The Christian Science Monitor's Rachel Stern reports on what might be the beginning of a renaissance in usage of the Belarusian language in Belarus. Apparently Lukashenko's government, hitherto content with presiding over the steady progress of Russian, is newly sympathetic to causes which might help differentiate Belarus from its eastern partner.
Every Monday evening, an airy contemporary art gallery in central Minsk is filled with a language rarely heard on Belarus's streets: Belarusian.
An average of 240 people pack the premises of the gallery, dubbed Ў after a character that only exists in the Belarusian Cyrillic alphabet, for a free course to practice and fine-tune their skills in the official language.
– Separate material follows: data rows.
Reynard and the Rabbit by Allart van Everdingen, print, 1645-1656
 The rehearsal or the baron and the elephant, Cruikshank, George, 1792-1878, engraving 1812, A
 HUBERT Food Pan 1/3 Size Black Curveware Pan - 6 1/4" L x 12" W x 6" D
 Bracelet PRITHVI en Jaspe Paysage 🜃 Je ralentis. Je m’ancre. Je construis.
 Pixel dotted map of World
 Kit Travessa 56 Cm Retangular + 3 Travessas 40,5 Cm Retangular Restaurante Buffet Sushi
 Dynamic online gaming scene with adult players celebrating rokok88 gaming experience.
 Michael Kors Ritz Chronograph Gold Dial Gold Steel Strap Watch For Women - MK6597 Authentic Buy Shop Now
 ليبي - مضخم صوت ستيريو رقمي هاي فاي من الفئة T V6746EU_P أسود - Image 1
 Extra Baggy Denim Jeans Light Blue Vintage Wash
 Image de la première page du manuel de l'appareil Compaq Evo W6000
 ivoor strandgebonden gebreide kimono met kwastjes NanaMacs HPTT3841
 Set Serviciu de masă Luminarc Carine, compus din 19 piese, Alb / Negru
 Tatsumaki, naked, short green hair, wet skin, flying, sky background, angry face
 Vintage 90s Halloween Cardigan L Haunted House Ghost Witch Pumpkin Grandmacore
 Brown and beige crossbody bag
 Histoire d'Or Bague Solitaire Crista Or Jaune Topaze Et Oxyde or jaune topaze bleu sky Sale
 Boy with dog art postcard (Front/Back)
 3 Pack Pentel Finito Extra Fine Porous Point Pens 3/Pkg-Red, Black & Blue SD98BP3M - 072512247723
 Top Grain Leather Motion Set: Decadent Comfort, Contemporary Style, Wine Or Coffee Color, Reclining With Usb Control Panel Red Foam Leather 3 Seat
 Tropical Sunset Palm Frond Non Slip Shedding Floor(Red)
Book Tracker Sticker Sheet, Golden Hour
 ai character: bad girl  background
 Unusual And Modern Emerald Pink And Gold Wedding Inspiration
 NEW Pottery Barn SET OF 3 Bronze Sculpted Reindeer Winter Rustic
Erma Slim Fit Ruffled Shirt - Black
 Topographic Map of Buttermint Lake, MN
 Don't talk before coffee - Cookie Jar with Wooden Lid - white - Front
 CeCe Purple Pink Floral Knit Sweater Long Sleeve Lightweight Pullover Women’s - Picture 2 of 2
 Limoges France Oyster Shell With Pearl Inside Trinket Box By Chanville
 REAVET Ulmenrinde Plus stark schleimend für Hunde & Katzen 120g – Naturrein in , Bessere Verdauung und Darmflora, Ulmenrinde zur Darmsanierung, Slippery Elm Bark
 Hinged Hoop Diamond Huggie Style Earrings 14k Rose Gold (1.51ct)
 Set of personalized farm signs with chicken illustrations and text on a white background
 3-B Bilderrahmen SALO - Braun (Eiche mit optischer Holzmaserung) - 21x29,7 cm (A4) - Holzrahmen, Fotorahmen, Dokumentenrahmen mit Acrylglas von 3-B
Since 1999, use of Belarusian has dropped dramatically in favor of Russian.
“We have our own language but most people here don’t use it,” says Veranika Famina, an actress who has been attending “Mova Nanova” – or “Language Anew” in Belarusian – since it launched in January 2014.
But many Belarusians are now taking an increased interest in their native language to assert their country’s own identity and culture apart from neighboring Russia. Mova Nanova and a growing number of unofficial linguistic initiatives are taking Belarusian beyond the school classes that it's often isolated to and back into the public sphere.
“For young people, speaking Belarusian is cool. They feel more Europe-oriented,” says translator Iryna Harasimovich at the cafe at Ў, which showcases work only in Belarusian and English. “Belarus has historically been a pendulum between East and West and that’s only become more blatant due to the situation in Ukraine.”